Harnessing Hypoxia

In the early 1960s, a long-running border dispute between India and China erupted into conflict in a stark, barren landscape of high-altitude plains. The Indian army decided to deploy 20,000 soldiers to its mountainous border — but soon after relocating above 3,600 meters in altitude, where there was less oxygen in the air to breathe, some soldiers got altitude sickness. Some even died.

Within a few years, however, a surprising pattern started to emerge.

The soldiers stationed in the mountains showed signs of being healthier than their counterparts at sea level. They experienced lower rates of heart disease, hypertension, diabetes, asthma, rheumatoid arthritis, and gastric disorders. They had fewer infections, psychiatric illnesses, and skin diseases. Military officials didn’t know what was causing those differences, but they felt compelled to share their observations in a 1977 journal article.

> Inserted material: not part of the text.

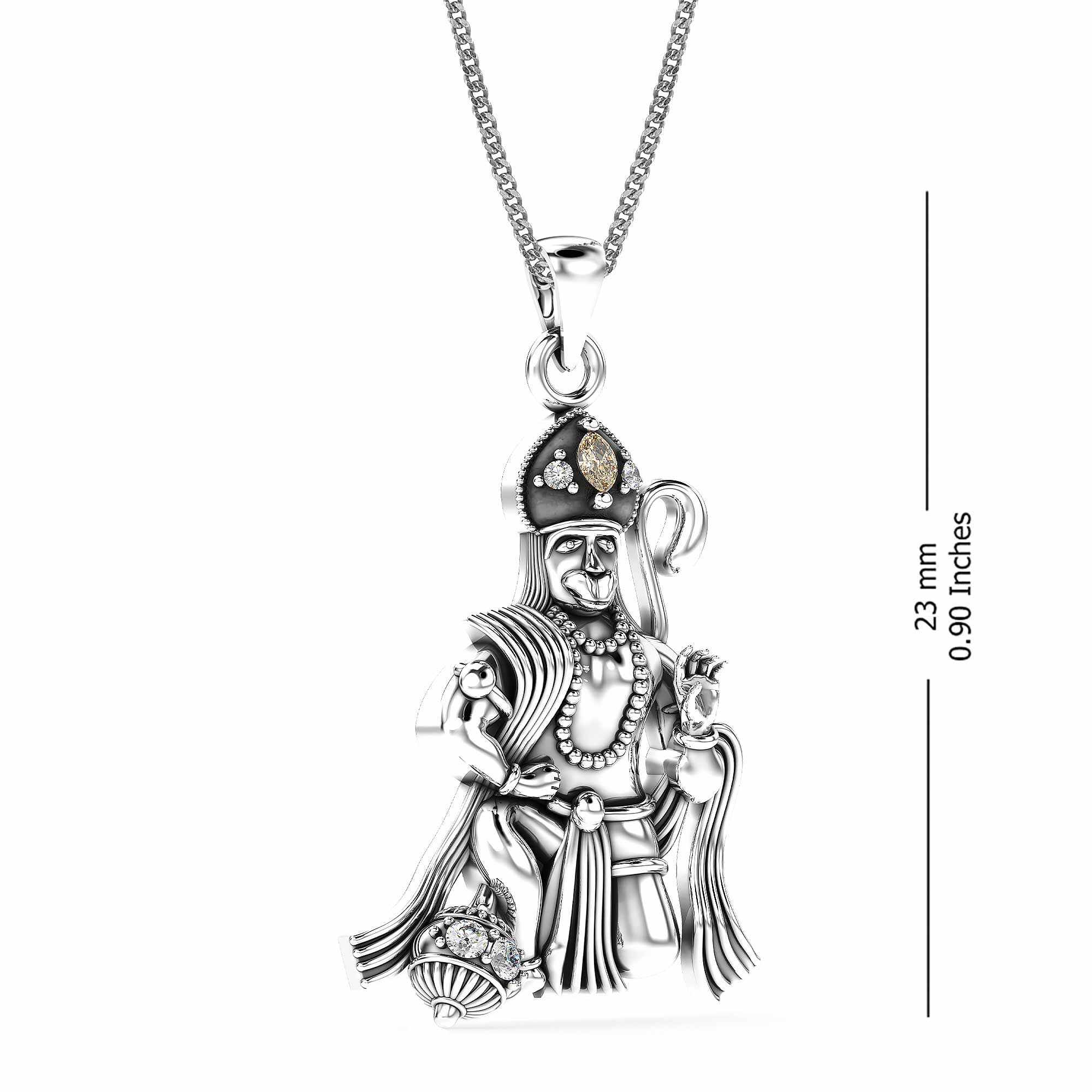 925 Sterling Silver CZ Antique Lord Hanuman Pendant Necklace for Men and Boy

That article flew under the radar for nearly four decades, until 2016, when Vamsi Mootha, MD ’98, an HMS professor of systems biology at Massachusetts General Hospital, started scouring the literature based on a hunch. Mootha had recently found something else that seemed counterintuitive: Chronic hypoxia — that is, continuously breathing air with a lower concentration of oxygen, akin to living at a very high altitude — could alleviate rare forms of mitochondrial disease in mice. The findings flew in the face of the conventional understanding that chronic oxygen deprivation is unhealthy. When Mootha came across the study of the Indian military, he felt a serendipitous sense of validation.

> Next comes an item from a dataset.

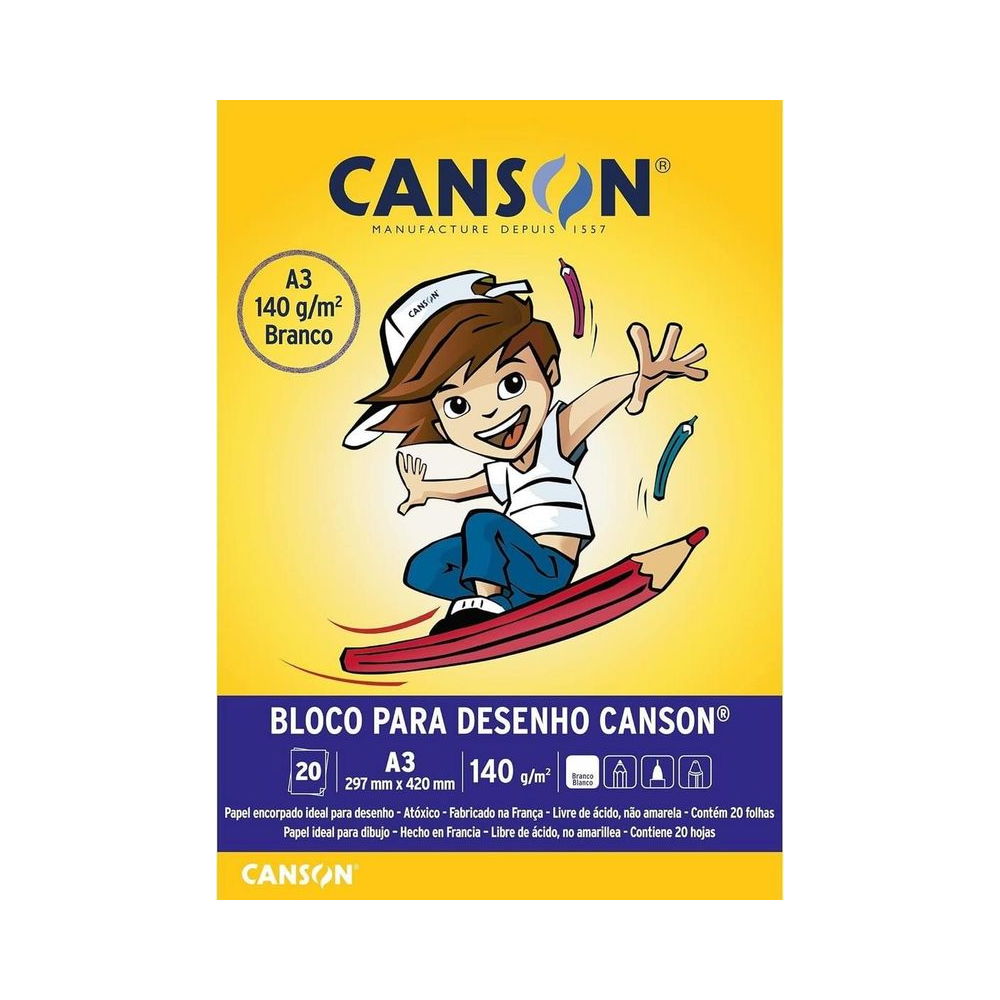 Bloco para Desenho  20 Folhas A3 Canson Celulose Branco 140g/m&sup2;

“It really resonated with me,” says Mootha, who is also an institute member and co-director of the metabolism program at the Broad Institute of MIT and Harvard. “What they reported was fascinating.” It encouraged him to pursue a question that would kick-start a blossoming area of scientific inquiry: Could chronic oxygen restriction be harnessed as a medicine?

Into thin air

The notion that hypoxia could be useful wasn’t entirely new. Since the mid-20th century, elite athletes have trained at high altitudes so that their bodies produce more red blood cells, enhancing performance upon their return to sea level. For decades, cardiologists have exposed patients to brief periods of hypoxia to trigger protective pathways that prime heart cells to better survive procedures or heart attacks.

But unlike those temporary periods of oxygen restriction that are carefully managed to avoid prolonged strain, Mootha was looking to understand the effects of chronic, continuous hypoxia: an around-the-clock form of oxygen restriction. Since low oxygen levels can constrict blood vessels in the lungs, raise blood pressure, and even cause organ damage, chronic hypoxia had generally been considered dangerous.

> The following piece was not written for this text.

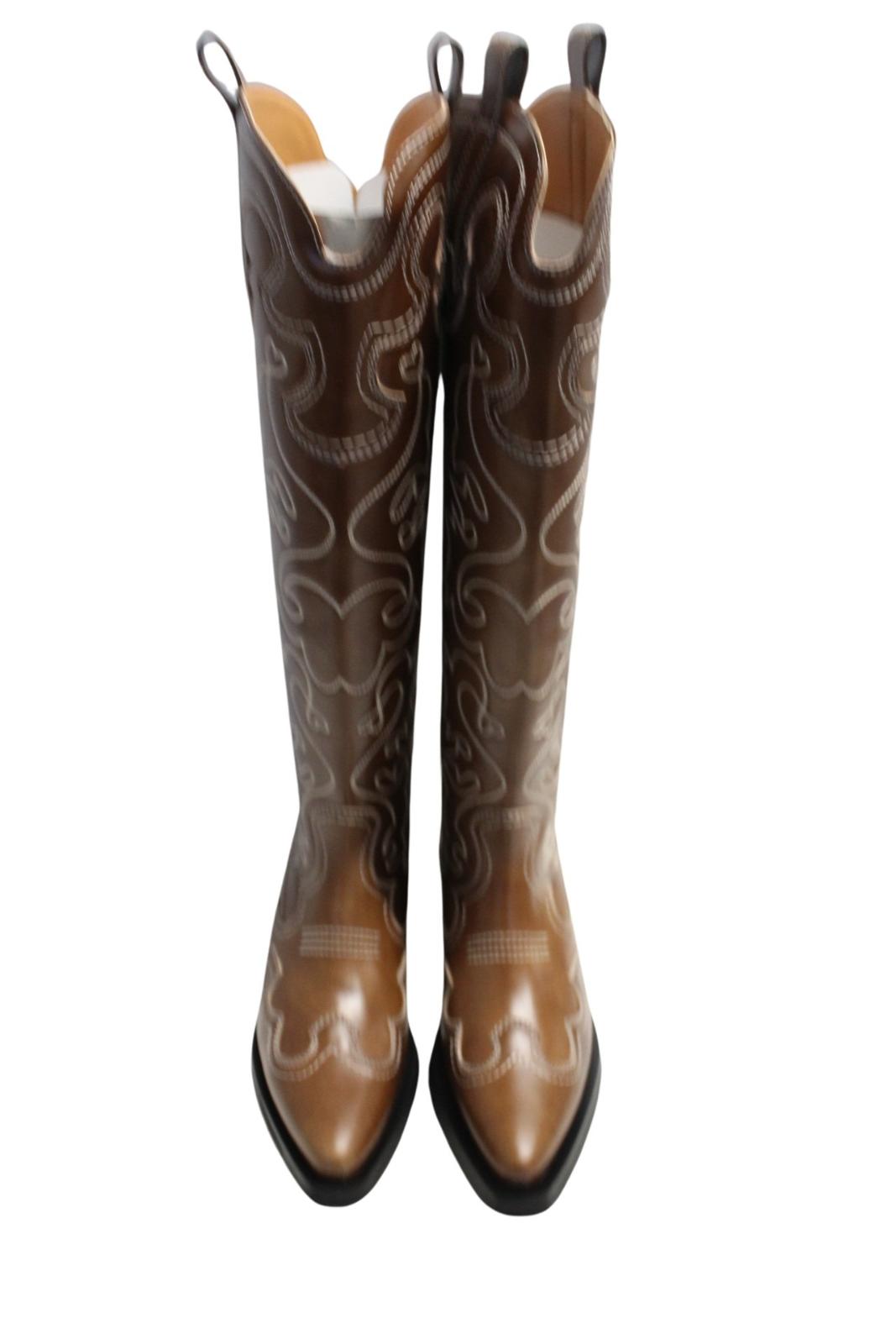 GANNI Ladies Tiger Eye Brown Leather Knee High Western Boots EU37 UK4 NEW RRP625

As far as he could tell, no randomized trials had tested the effects of chronic hypoxia in humans. That’s what made the Indian army study so interesting. With tens of thousands of people breathing air with drastically different oxygen levels over a long period, it was the closest thing Mootha could find. It wasn’t perfect, and “you shouldn’t overinterpret it,” he cautions, as variables like UV radiation, food, or temperature could have influenced the results. “But when you combine it with our mouse studies, it really does create something provocative.”

A matter of mitochondria

Since well before he became interested in hypoxia, Mootha has been fascinated with mitochondria: tiny structures within cells that act like power plants, using oxygen to make the energy our bodies need to function. When mitochondria don’t function well, cells can’t use oxygen efficiently, starving organs like the brain, muscles, and heart of a key fuel they need to operate. There are hundreds of rare genetic diseases that cause mitochondrial dysfunction. Those diseases can lead to neurological issues, organ failure, and death; no effective treatments exist to reverse their progression.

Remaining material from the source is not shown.